1. LogConnectionError is in the Wrong File

Severity: Medium

  • File: internal/mcp/errors.go
  • Function: func LogConnectionError(errCtx ConnectionErrorContext, err error)
  • Issue: errors.go conventionally holds error type definitions. LogConnectionError is a 100-line logging/diagnostic function that outputs to both the file logger and standard log. The mcp package already has a dedicated connection_logging.go file that houses all other connection logging helpers (logReconnectStart, logReconnectResult, logOutboundRPCRequest, logInboundRPCResponse).
  • Recommendation: Move LogConnectionError and its ConnectionErrorContext type from mcp/errors.go into mcp/connection_logging.go. If errors.go becomes empty after the move, delete it.
  • Impact: Better discoverability for developers looking for connection diagnostic logging; errors.go will correctly contain only error types.
Before:
  mcp/errors.go              → ConnectionErrorContext struct, LogConnectionError (100 lines)
  mcp/connection_logging.go  → logReconnectStart, logReconnectResult, logOutbound*, logInbound*

After:
  mcp/connection_logging.go  → all connection logging incl. LogConnectionError + ConnectionErrorContext
  mcp/errors.go              → (remove or keep for future error types)

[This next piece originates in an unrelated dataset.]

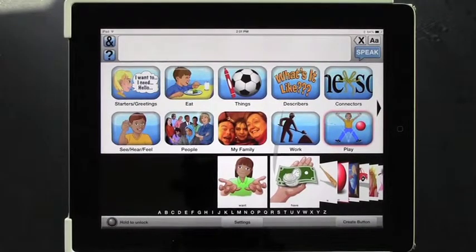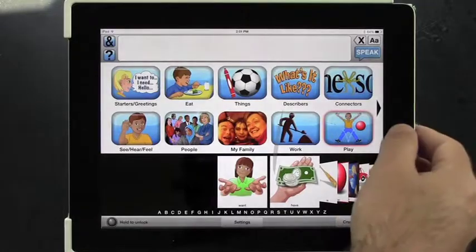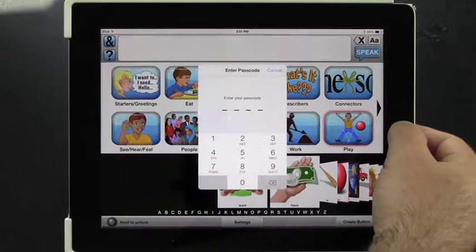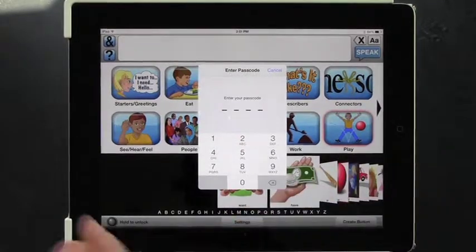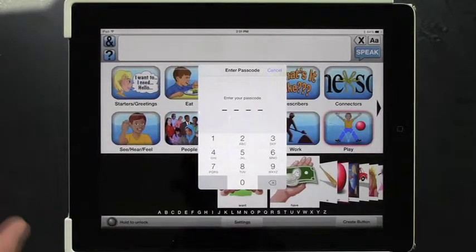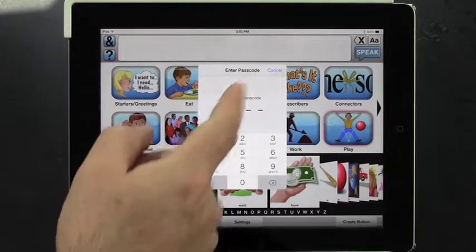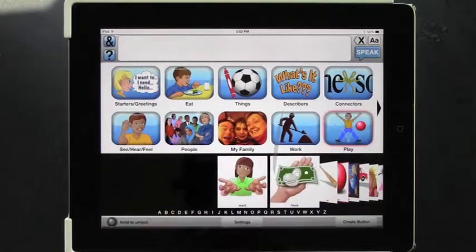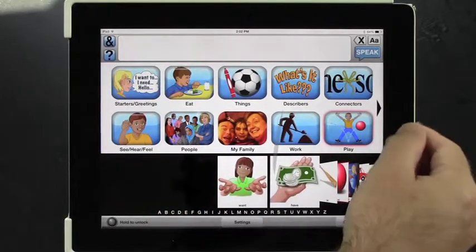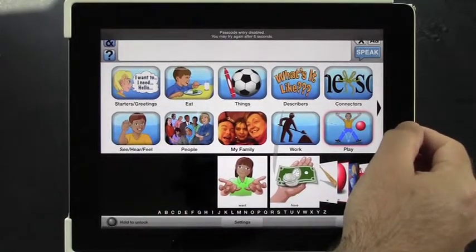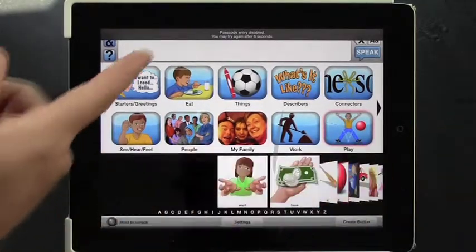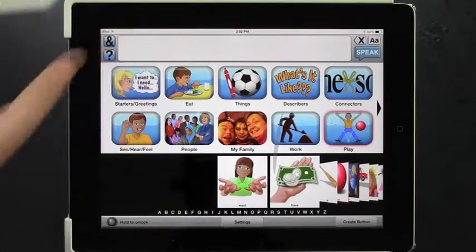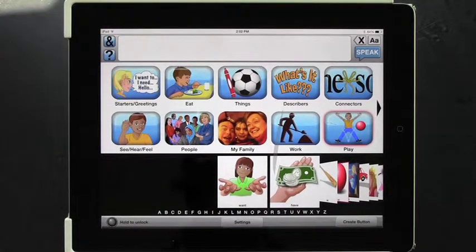So what if they like to hit the home key really fast? Triple click on the home key: one, two, three. It asks for the passcode. If you don't enter the passcode right away and you try to do it again — one, two, three — it says passcode entry disabled. You have to wait a few seconds before you can try it again.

2. server/http_helpers.go is a Catch-All File

Severity: Low–Medium

  • File: internal/server/http_helpers.go (351 lines, 11 functions)
  • Issue: The file mixes four distinct concerns:
    1. Error/runtime logging: logRuntimeError, rejectRequest, logHTTPRequestBody
    2. Middleware composition: wrapWithMiddleware, applyIfConfigured, withResponseLogging
    3. OTEL tracing: WithOTELTracing
    4. SDK adapter: WithSDKLogging, buildMCPHandler
    5. Utilities: truncateCacheKeyForLog, peekRequestBody
  • Recommendation: Consider splitting into two files:
    • server/middleware.gowrapWithMiddleware, applyIfConfigured, WithOTELTracing, WithSDKLogging, buildMCPHandler
    • server/http_helpers.go — keep request/response utilities only
  • Note: This is a low-priority cosmetic improvement; all current functions are logically related to HTTP request handling.

3. validateOpenTelemetryConfig Embedded in config_tracing.go

Severity: Low

  • File: internal/config/config_tracing.go
  • Function: func validateOpenTelemetryConfig(cfg *TracingConfig, enforceHTTPS bool) error
  • Issue: The config/ package maintains clear validation separation (validation.go, validation_env.go, validation_schema.go, guard_policy_validation.go). A tracing-specific validator is embedded in the config struct file instead.
  • Recommendation: Move validateOpenTelemetryConfig to a new config/validation_tracing.go file, or include it in the existing validation.go, to make all validators discoverable in one place.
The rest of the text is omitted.